- _Instructions to follow_:
Word for word, restate all of the data shown below.

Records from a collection
§

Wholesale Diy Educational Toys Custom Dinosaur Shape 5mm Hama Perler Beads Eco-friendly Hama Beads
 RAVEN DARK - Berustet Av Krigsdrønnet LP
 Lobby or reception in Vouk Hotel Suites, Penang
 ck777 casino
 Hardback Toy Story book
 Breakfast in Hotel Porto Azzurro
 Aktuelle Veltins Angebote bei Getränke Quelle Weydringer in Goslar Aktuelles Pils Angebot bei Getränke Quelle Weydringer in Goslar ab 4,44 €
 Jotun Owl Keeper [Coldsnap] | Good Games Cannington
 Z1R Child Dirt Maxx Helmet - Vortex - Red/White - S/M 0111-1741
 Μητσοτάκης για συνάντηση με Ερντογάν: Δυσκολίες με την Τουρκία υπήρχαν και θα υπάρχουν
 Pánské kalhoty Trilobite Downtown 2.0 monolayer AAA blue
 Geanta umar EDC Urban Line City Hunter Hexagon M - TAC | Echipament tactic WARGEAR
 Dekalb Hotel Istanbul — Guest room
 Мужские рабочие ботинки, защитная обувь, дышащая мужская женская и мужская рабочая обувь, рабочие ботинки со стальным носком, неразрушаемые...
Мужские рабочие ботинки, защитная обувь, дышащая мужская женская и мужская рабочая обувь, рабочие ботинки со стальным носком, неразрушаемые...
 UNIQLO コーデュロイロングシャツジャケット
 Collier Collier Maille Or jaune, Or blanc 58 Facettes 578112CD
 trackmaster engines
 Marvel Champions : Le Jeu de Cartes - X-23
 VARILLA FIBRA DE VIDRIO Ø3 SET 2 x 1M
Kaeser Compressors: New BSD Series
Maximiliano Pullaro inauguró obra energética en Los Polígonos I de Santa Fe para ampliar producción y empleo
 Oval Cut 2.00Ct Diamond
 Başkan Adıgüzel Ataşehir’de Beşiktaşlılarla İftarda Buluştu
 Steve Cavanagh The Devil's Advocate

§

- _Answer section_:
Wholesale Diy Educational Toys Custom Dinosaur Shape 5mm Hama Perler Beads Eco-friendly Hama Beads
 RAVEN DARK - Berustet Av Krigsdrønnet LP
 Lobby or reception in Vouk Hotel Suites, Penang
 ck777 casino
 Hardback Toy Story book
 Breakfast in Hotel Porto Azzurro
 Aktuelle Veltins Angebote bei Getränke Quelle Weydringer in Goslar Aktuelles Pils Angebot bei Getränke Quelle Weydringer in Goslar ab 4,44 €
 Jotun Owl Keeper [Coldsnap] | Good Games Cannington
 Z1R Child Dirt Maxx Helmet - Vortex - Red/White - S/M 0111-1741
 Μητσοτάκης για συνάντηση με Ερντογάν: Δυσκολίες με την Τουρκία υπήρχαν και θα υπάρχουν
 Pánské kalhoty Trilobite Downtown 2.0 monolayer AAA blue
 Geanta umar EDC Urban Line City Hunter Hexagon M - TAC | Echipament tactic WARGEAR
 Dekalb Hotel Istanbul — Guest room
 Мужские рабочие ботинки, защитная обувь, дышащая мужская женская и мужская рабочая обувь, рабочие ботинки со стальным носком, неразрушаемые...
Мужские рабочие ботинки, защитная обувь, дышащая мужская женская и мужская рабочая обувь, рабочие ботинки со стальным носком, неразрушаемые...
 UNIQLO コーデュロイロングシャツジャケット
 Collier Collier Maille Or jaune, Or blanc 58 Facettes 578112CD
 trackmaster engines
 Marvel Champions : Le Jeu de Cartes - X-23
 VARILLA FIBRA DE VIDRIO Ø3 SET 2 x 1M
Kaeser Compressors: New BSD Series
Maximiliano Pullaro inauguró obra energética en Los Polígonos I de Santa Fe para ampliar producción y empleo
 Oval Cut 2.00Ct Diamond
 Başkan Adıgüzel Ataşehir’de Beşiktaşlılarla İftarda Buluştu
 Steve Cavanagh The Devil's Advocate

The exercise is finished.